### [TASK OBJECTIVE]
Reproduce, unchanged, the lines between the one holding "Qialino Croco Samsung" and the last line of the records, including both ends, but no pictures.

### [DATA FOR THE TASK]
|---|

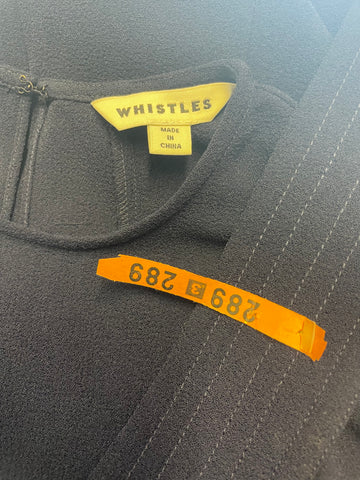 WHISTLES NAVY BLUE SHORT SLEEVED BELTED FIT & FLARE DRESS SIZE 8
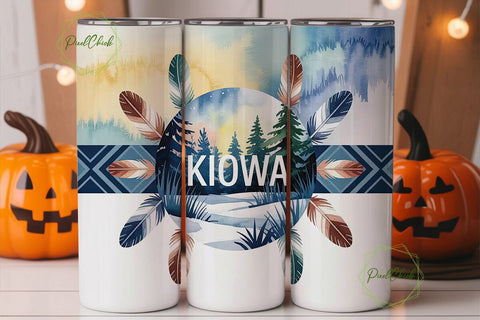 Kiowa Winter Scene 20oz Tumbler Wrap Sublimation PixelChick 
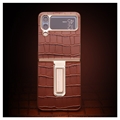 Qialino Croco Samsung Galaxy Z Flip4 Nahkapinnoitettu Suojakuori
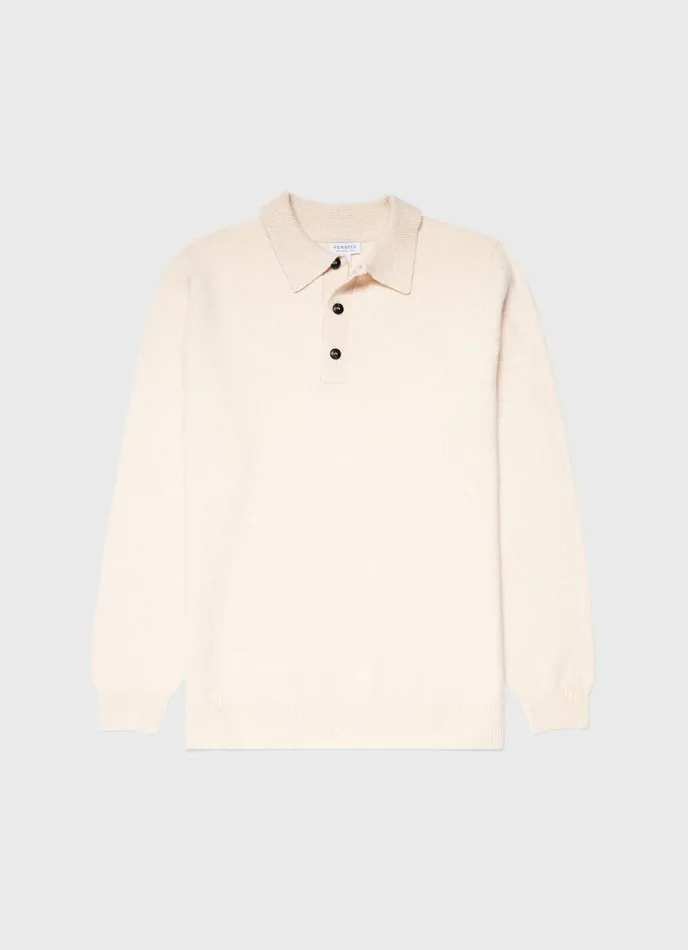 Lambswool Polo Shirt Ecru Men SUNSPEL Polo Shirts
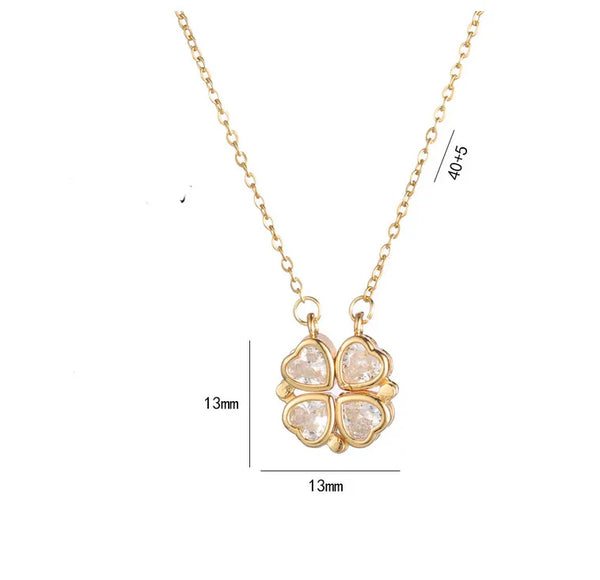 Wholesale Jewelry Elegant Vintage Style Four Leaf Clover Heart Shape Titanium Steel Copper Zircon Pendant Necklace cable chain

|---|

### [ANSWER FOR THIS EXERCISE]
 Qialino Croco Samsung Galaxy Z Flip4 Nahkapinnoitettu Suojakuori
 Lambswool Polo Shirt Ecru Men SUNSPEL Polo Shirts
 Wholesale Jewelry Elegant Vintage Style Four Leaf Clover Heart Shape Titanium Steel Copper Zircon Pendant Necklace cable chain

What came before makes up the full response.